Each year, the alliance known as the Advocates for Highway and Auto Safety (Advocates) publishes a Roadmap to State Highway Safety Laws. This guide serves as a point of reference for state lawmakers who are concerned about the rate of motor vehicle accidents and accident-related injuries that occur on their state’s highways each year.
The Advocates compile data about each state’s highway safety laws and compare them with a set of laws that is currently considered ideal for preventing as many highway accidents as possible. These laws are broken into various categories, explained and compared on a state-by-state basis.
At the end of the report, each state is given an overall ranking of red, yellow or green and is given guidance on how state lawmakers can improve their state’s laws before the next report is published. States given a red rating are in need of significant reform. States given a yellow rating are in need of legislative improvements. States given a green rating are well on their way to preventing as many highway accidents as possible through legislative means.

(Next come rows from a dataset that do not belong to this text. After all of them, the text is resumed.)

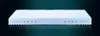 A white mattress with a grooved surface and perforated sides is shown against a dark, gradient background. Produktbild-Vorschau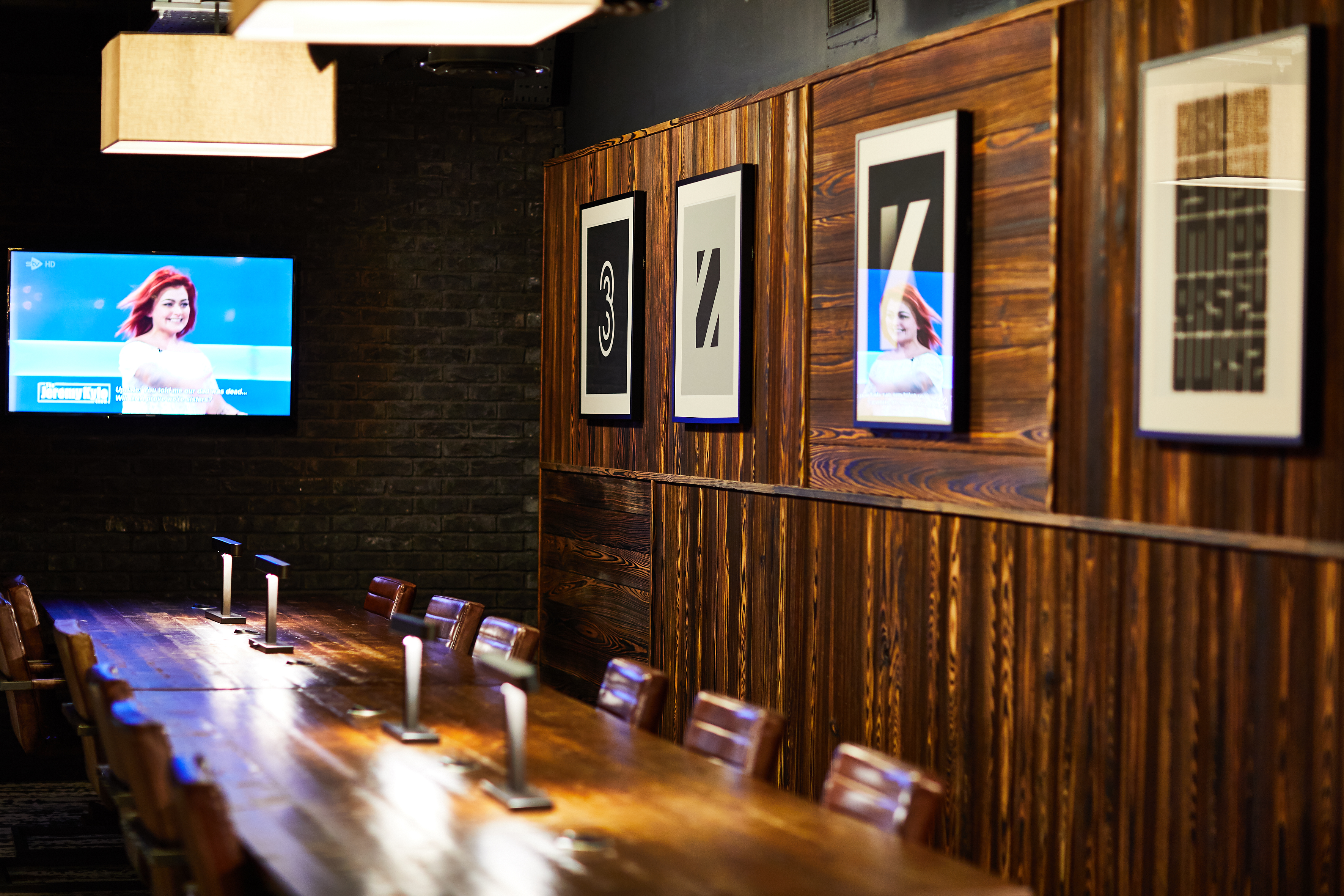 A dimly lit dining room in Fountainbridge features a long wooden table and chairs. Wooden walls showcase several framed abstract artworks. A TV on the left displays an image of a person with red hair, while hanging lamps cast warm light over the cozy setting.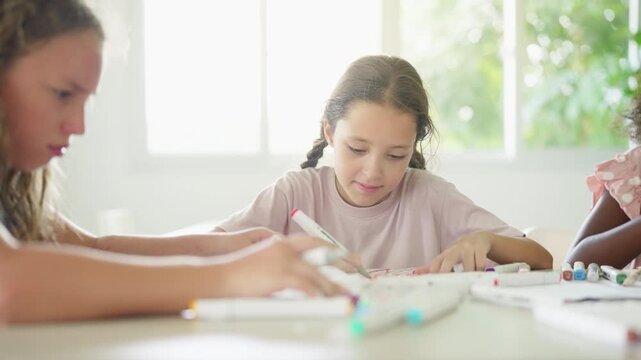 Group of Diverse school children creating arts and crafts together during creative classroom activity developing imagination teamwork fine motor skills and hands on learning in elementary education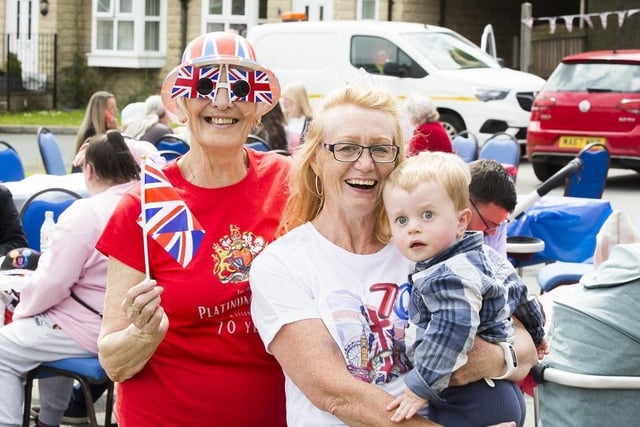 Platinum Jubilee Street party at Illingworth Moor Methodist Church. From the left, Georgie Stirrat and Sandy Hall with her grandson Joseph Tennant, two.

The Advocates granted the District of Columbia a green rating and Maryland a yellow rating in its 2014 Roadmap. The District is advised to require all individuals convicted of drunk driving to install ignition interlock devices and to strengthen its nighttime and cellphone provisions of its graduated drivers’ license (GDL) program. Maryland is advised to also pass ignition interlock legislation, strengthen its GDL program in numerous ways and require primary enforcement of seatbelt laws for rear seat passengers.